Normally, I rather enjoy SI’s view on the world of sports.
But one week a year, I question what the hell is the point of the magazine.
If you haven’t figured it out by now (or seen it on the newsstand), perhaps the last bastion of male chauvinism in mainstream print media is out this week.
The Swimsuit Issue.
Yes, these women are incredibly gorgeous when they manage not to look anorexic. But what the hell are they doing in perhaps the most reputable sports publication in the country?
The Swimsuit Issue makes a mockery out of the this esteemed magazine and its readers. Let’s face it, you don’t look at the Swimsuit Issue for athletic information. You can’t, because there isn’t coverage of any athletic event anywhere in the world in this year’s issue, and that’s not the only thing that lacks coverage. Granted, last year’s issue did include an informative piece about how athletes and their wives have been affected by the swimsuit industry, by making the wives wear the swimsuits. This was only slightly less informative than Cosmo’s January issue explaining Plato’s theory of justice.
As I waltzed into The Sun and checked out the new issue, I was struck by how dumb it truly is. The target audience is obviously composed entirely of men who couldn’t buy the swimsuits advertised in the “Swimsuit Issue” for a woman even if they wanted to. No woman they know would crawl into these swimsuits, even if they did have the impossible body type.
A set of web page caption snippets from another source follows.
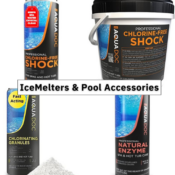 IceMelters & Pool Accessories from $14.39 (Reg. $17.99+)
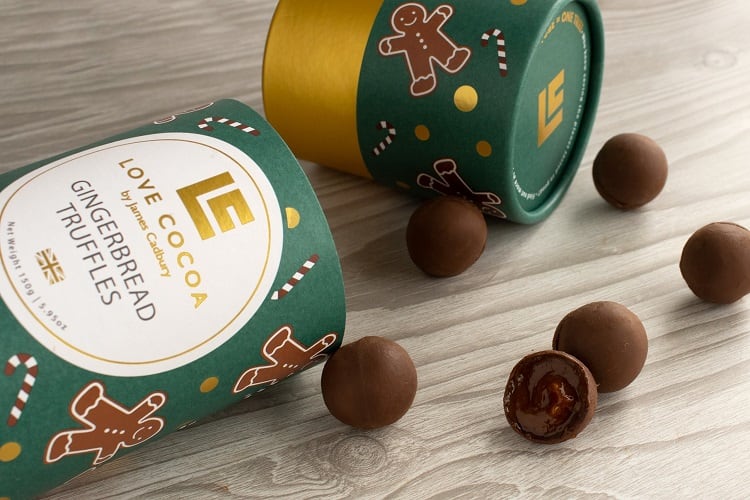 Love Cocoa prepares for holiday season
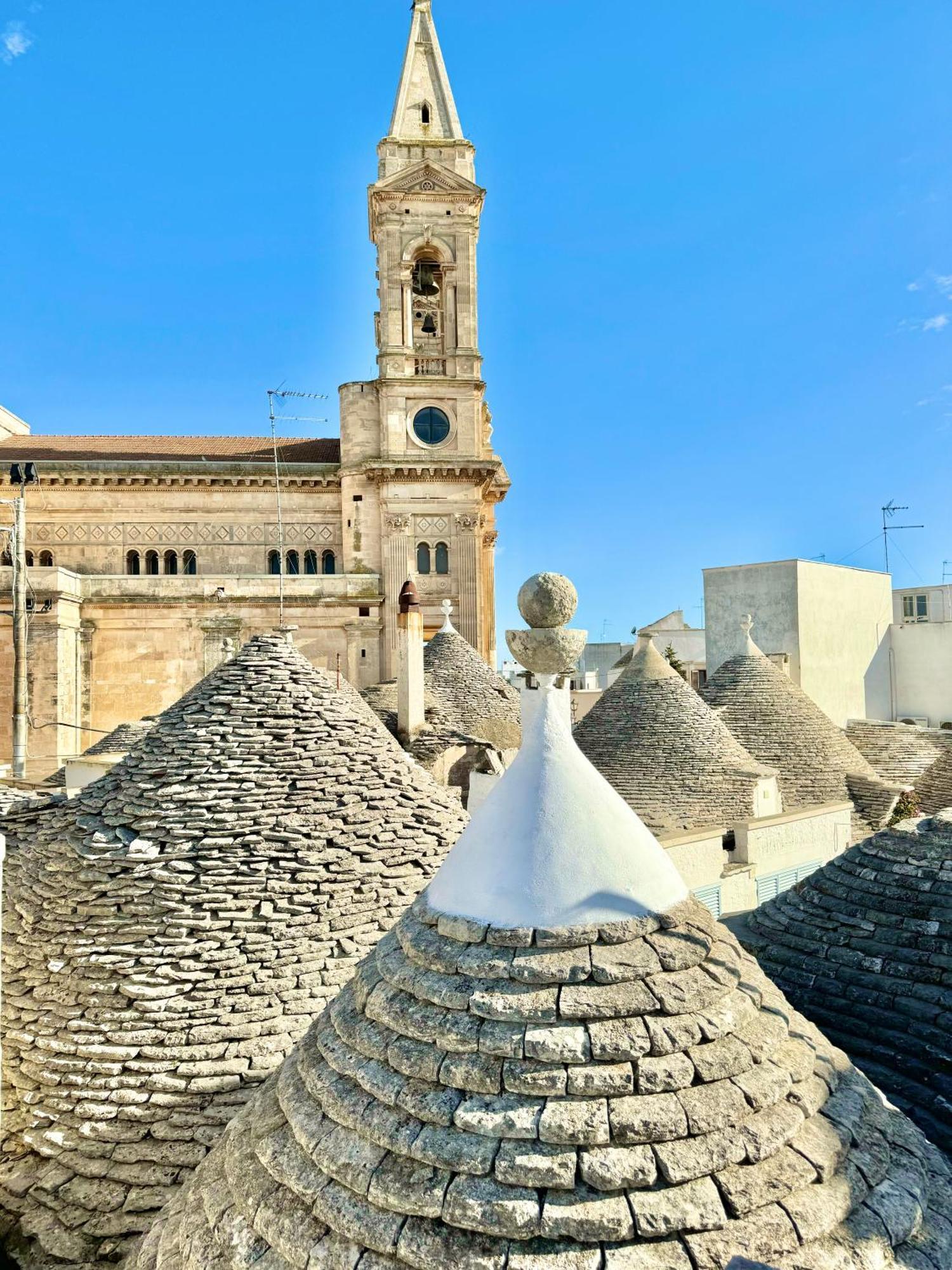Trulli Moon Vila Alberobello Quarto foto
And then as I sat there scanning the publication, a female sports writer walked into the room. Now, it’s not that I think women can’t get past guys looking at this magazine, but I think it likely damages my credibility as an editor to any women on staff if I go around gwaking at the models, proclaiming this is the best Swimsuit Issue ever.
I’m not a woman, so I’m not sure, but I don’t think that any female writers in the Sports section of The Sun would be really pleased by this.
I don’t claim to be making a revolutionary argument here, nor I am a puritan boy who thinks you can’t touch a female until marriage. I don’t think beautiful women should run and hide, and I don’t claim to be a great supporter of feminist movements (with my limited understanding of them).
What I do think is that a reputable sports magazine publishing a yearly issue filled with nothing but ravishing women covered by next to nothing is outrageous. And that there is no information relevant to athletics at all in the magazine is heinous.
If Sports Illustrated wants to continue publishing the issue, it should put “Swimsuit Illustrated” across the top. This issue has nothing to do with athletics, so it’s time to stop publishing it under any relation to the world of sports.
Besides, if you want to see women with the “perfect body” in bathing suits crossed with birthday suits, go buy a Playboy or a Maxim. Just don’t pretend you’re reading it for the articles.